Dataset entries
* * * *

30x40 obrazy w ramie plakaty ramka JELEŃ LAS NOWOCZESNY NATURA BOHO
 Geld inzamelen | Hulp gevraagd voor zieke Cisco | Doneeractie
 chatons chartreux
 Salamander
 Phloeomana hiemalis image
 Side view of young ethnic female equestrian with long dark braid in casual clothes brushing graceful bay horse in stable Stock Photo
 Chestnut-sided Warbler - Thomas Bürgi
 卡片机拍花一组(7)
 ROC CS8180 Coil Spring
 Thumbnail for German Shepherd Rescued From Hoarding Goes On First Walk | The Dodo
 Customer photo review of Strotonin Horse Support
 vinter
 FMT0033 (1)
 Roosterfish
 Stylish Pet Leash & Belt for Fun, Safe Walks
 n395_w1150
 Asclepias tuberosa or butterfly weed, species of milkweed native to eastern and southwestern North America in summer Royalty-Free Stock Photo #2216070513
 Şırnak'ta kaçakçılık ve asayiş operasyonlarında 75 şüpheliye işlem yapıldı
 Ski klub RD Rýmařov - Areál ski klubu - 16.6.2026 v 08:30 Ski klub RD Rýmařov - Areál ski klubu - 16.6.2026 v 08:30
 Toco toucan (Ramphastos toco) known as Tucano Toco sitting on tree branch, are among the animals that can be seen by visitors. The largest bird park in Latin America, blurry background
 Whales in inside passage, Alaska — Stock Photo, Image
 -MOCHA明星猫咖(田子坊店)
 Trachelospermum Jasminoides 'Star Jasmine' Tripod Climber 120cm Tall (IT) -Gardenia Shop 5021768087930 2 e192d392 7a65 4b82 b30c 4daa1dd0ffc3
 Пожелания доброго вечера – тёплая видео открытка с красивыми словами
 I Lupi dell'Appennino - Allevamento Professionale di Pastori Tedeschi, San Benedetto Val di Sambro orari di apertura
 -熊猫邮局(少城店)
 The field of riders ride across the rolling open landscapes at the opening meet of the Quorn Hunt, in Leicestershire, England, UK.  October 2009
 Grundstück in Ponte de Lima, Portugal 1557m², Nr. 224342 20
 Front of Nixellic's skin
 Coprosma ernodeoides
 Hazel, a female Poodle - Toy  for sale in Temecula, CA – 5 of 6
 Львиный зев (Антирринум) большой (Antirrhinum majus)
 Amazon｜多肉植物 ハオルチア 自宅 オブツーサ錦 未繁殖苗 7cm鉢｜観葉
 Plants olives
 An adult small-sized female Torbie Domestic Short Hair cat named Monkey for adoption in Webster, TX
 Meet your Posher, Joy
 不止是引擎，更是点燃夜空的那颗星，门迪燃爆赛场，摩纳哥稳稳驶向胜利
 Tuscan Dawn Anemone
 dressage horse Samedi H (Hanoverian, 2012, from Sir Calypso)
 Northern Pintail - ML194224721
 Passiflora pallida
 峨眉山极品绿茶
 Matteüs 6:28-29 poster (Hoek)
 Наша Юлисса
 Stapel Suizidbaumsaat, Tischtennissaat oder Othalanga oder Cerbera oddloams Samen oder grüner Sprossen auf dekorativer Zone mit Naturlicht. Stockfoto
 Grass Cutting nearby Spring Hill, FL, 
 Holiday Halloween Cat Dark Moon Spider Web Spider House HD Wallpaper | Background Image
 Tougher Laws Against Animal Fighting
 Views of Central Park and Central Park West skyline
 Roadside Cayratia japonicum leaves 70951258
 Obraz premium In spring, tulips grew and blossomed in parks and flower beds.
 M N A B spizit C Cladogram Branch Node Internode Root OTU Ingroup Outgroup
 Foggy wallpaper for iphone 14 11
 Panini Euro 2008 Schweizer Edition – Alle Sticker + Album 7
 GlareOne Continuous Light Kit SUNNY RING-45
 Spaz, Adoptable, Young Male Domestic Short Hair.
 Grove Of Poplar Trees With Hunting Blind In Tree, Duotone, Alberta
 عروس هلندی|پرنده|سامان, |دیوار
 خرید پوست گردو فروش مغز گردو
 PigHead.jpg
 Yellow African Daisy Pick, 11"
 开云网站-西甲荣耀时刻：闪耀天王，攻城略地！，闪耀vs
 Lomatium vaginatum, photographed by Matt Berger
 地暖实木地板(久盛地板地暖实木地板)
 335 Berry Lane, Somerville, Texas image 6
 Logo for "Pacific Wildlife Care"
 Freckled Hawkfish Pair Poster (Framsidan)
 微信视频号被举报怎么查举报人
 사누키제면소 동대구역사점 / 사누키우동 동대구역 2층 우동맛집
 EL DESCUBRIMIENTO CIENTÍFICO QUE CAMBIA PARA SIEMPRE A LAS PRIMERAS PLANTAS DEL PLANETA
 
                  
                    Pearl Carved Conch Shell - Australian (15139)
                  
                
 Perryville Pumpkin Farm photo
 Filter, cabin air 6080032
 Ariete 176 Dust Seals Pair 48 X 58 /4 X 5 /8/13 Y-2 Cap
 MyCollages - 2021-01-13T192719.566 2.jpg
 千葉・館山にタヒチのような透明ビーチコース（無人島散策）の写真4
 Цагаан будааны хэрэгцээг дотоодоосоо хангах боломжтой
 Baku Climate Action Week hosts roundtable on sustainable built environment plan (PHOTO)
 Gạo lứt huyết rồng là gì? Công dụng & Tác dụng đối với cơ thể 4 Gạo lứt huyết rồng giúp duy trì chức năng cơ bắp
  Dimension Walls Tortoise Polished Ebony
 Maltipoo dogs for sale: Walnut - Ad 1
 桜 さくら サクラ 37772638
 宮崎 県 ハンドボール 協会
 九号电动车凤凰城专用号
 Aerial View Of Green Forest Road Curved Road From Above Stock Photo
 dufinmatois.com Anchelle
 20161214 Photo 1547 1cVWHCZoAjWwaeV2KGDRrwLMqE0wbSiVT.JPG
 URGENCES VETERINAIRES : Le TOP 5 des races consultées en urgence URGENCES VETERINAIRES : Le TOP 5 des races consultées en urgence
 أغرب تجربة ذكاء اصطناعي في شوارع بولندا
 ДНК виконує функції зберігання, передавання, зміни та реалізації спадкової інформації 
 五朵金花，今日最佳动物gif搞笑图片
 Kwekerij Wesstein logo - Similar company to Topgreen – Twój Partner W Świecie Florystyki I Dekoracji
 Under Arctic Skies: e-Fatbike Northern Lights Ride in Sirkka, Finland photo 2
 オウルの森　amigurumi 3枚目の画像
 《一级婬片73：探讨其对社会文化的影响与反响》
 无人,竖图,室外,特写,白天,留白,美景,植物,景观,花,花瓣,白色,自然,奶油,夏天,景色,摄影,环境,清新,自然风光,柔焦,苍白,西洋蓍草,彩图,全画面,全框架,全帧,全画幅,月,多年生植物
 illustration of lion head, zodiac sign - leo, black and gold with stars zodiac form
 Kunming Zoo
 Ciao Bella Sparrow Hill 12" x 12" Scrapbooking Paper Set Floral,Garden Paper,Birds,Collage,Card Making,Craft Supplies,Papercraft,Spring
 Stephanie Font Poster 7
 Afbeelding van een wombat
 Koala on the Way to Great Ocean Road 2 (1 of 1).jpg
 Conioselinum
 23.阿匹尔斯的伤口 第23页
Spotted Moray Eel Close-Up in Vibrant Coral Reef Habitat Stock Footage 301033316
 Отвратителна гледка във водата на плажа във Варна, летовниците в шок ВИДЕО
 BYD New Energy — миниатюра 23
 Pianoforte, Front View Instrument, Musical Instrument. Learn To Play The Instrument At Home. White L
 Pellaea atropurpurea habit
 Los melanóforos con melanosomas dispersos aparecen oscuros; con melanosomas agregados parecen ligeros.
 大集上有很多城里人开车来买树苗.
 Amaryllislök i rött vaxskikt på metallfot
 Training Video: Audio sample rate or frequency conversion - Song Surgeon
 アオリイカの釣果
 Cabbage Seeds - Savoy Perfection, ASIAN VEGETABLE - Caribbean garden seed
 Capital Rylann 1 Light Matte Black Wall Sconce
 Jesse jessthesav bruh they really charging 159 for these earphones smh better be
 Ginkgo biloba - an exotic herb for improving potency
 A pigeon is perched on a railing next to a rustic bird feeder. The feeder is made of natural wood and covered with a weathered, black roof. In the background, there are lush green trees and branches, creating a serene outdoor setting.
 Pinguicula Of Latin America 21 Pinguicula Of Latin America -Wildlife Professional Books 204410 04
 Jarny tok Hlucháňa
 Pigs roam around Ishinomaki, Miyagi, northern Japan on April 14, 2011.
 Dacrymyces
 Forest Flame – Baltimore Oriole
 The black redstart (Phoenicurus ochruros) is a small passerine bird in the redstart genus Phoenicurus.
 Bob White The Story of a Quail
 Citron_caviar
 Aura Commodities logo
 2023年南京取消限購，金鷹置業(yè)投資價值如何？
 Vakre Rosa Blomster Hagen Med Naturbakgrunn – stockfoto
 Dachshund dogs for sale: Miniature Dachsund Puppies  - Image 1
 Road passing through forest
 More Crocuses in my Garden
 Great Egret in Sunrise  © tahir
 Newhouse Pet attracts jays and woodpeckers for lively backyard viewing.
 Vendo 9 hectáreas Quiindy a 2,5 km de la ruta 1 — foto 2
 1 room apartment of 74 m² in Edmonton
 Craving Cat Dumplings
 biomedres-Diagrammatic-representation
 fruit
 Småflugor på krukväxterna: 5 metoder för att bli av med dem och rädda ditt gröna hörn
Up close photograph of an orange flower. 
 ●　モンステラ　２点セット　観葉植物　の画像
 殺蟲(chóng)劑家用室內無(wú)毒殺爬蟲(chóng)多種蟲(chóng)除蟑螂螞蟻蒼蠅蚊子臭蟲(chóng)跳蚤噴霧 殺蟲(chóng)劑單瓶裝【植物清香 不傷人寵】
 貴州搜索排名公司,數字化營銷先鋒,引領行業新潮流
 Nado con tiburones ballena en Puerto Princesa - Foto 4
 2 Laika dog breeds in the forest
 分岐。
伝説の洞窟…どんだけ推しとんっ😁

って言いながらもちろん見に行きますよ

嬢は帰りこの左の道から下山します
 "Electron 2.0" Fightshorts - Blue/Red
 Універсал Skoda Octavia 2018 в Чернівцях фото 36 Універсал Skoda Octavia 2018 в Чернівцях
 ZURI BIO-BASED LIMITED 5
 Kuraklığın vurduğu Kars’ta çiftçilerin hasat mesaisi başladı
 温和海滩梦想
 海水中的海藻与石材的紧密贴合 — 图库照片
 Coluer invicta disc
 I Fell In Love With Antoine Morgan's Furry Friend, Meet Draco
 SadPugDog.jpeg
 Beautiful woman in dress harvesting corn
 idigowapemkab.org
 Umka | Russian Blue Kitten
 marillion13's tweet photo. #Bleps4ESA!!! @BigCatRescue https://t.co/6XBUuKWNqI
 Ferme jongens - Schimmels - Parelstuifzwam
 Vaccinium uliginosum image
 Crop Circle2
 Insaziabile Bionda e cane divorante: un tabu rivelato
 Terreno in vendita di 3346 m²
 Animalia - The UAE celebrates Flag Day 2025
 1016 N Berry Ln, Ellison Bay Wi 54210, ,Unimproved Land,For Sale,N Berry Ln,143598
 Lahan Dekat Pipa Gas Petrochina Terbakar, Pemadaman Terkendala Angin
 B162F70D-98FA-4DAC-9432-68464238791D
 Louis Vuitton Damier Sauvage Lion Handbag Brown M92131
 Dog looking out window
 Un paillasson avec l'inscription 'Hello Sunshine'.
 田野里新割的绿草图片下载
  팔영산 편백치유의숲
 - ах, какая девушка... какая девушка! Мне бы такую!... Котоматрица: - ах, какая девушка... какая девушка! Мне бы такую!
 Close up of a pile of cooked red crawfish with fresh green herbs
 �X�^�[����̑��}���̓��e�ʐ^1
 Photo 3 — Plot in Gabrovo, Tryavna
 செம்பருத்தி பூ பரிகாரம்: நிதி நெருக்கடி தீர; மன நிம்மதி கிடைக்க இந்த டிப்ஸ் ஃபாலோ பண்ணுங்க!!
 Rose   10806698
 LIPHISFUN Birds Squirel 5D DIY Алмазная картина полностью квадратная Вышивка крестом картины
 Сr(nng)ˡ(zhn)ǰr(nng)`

* * * *

* **ACTION ITEM**
Among the entries, how many lines include the string "dogs"? Please reply with only the number.

* **OUTPUT OF THE EXERCISE**
2